Improve book library page query performance on title, titleIgnorePrefix, and addedAt sort orders. #3952

mikiher · 2025-02-08T13:33:34Z

Brief summary

Significantly improves book library Sequelize page queries for the following sort orders:

title (with or without ignorePrefix)
addedAt

Which issue is fixed?

This partially fixes #2073 (resolving the book library load times, but not the podcast library load times)

In-depth Description

After digging more into the details of the issues people were complaining about in #2073 and doing additional performance analysis in Sequelize query to bring the page here, I made the following observations:

Due the the current architecture of the database (specifically, the separate libraryItems and books tables), SQLite cannot sort the results of the main query efficiently, even when an index on the sorted book column exists (more details below)
The main query performs a join with the feeds table, which somehat complicates the query (especialy if there are many feeds)
A query for the total count of results is run every time, even though it is usually unnecessary as the total count doesn't change during a scrolling over the library.

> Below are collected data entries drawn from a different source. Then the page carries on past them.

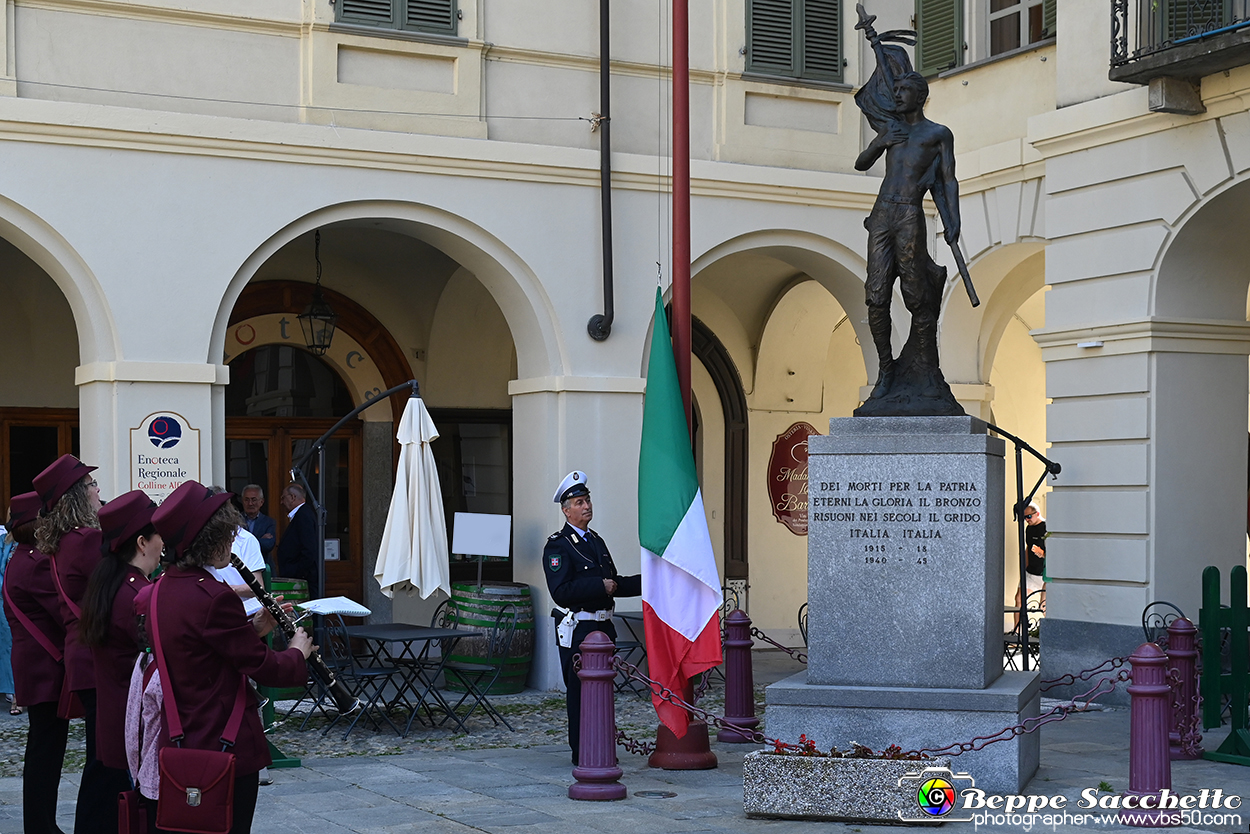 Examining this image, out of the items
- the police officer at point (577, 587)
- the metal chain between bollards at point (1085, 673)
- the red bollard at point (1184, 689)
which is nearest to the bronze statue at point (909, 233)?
the metal chain between bollards at point (1085, 673)

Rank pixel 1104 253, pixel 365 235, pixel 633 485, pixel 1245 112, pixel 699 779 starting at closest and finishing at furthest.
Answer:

1 is by far the most serious problem, and also causes significant degradation in query performance as the offset becomes larger.
When the main query is sorting by title:

SELECT book.*, libraryItem.*, [libraryItem->feeds].*
  FROM books AS book
       INNER JOIN
       libraryItems AS libraryItem ON book.id = libraryItem.mediaId AND 
                                      (libraryItem.libraryId = 'b3bf8580-edba-4d7d-90eb-3b54206d16c3' AND 
                                       libraryItem.mediaType = 'book') 
       LEFT OUTER JOIN
       feeds AS [libraryItem->feeds] ON libraryItem.id = [libraryItem->feeds].entityId AND 
                                        [libraryItem->feeds].entityType = 'libraryItem'
 ORDER BY book.title ASC
 LIMIT 0, 35;

it's evident in the query plan that the query engine cannot use the existing book.title index, and needs to build a temporary tree for sorting.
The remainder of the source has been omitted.